Speaking of that 18th-century prose, have you taken any criticism for the complexity of the structure or language?
I’ve heard from one or two adults saying, “Are you sure this is appropriate for kids?,” but I think people don’t always give teens credit for how well they read. And not just looking up words they don’t know—they skip over words they don’t know, just like adults do. But if you skip over a word 10 times you’ll figure out what it means. It doesn’t matter that a reader doesn’t know what “huckabuck” means, if it’s clearly used in a position so they can tell it’s a kind of fabric.
And consider that kids read fantasy books, which in many cases have invented vocabulary. One of the series I like is D.M. Cornish’s Monster Blood Tattoo, in which he creates a whole language. Kids who are reading that are building a language in their heads. There’s no real cognitive difference. I think kids are excited by language, and they’re not always given credit for that.
These books are constructed literally as two parts of a whole, with The Kingdom on the Waves beginning right where The Pox Party left off. Did you conceive of it as one overarching story?

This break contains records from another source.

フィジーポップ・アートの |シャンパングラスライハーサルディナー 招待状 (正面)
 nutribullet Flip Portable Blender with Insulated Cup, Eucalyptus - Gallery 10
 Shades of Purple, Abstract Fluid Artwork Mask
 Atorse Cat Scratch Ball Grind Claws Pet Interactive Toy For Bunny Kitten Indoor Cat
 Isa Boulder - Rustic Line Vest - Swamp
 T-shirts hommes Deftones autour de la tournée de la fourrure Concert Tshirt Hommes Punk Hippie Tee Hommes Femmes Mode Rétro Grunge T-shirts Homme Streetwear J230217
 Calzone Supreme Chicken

Definitely. It’s a very 18th-century thing to have a book broken into several volumes. To me, there was a very logical stopping place and a logical seam between the two of them. In the first book, for example, [Octavian] is looking around himself; he’s quite passive and doesn’t know how to act. In the second book he’s more active. In the first book he is working with the Rebels, and in the second book he’s been forced to the side of the Redcoats. There are very clear divisions between the books and there are structural differences, which is why I ended up publishing it as two volumes.
Can you talk a bit about the research that went into putting these books together? Were there certain details or events that you immediately realized you wanted to build the story around?
I researched for about six months before I started to write. I had a plot set-up that I changed, because I found a particular event. That event was the campaign of Lord Dunmore’s Ethiopian regiment. I had never heard of it before, and I realized this is an amazing story that has not been told, and I would love to be the one to tell it.
Were there other revelatory moments, where you came to understand something about this country or its history that you hadn’t before?
I think there was also a slow, grinding realization for me of what it is that human beings are willing to do to each other to secure their own luxuries. That was a very sad tutorial I went through, working on this book. There was suffering on an unimaginable scale. I know this is a bit dismal for an interview, but I honestly feel like a full recognition of the capacity of mankind to ignore each other’s suffering is one of the saddest lessons I learned.
Did you have to adjust certain historical details in the interest of storytelling?
I didn’t adjust as much as people assume I did. The only thing I adjusted in the second volume is the date of a particular battle. It was too inconvenient. One thing about this war is that it takes a long time for the whole thing to unfold. There were months between battles and you can’t have characters doing what they were really doing—which is building barracks and digging latrines. My editor said, “There are too many latrines in this book.”
In the first book, the experiments I describe are almost all real experiments. The timeline for Lord Dunmore’s Ethiopian regiment, I stuck to pretty much exactly. If I’m going to be presenting material people haven’t heard about that will perhaps be controversial, I need to keep it as real as possible. It’s unfair to use those arguments if the incidents are made up. I did a lot of drawing from different bodies of historical narrative to put together the lives of those characters and that kind of thing.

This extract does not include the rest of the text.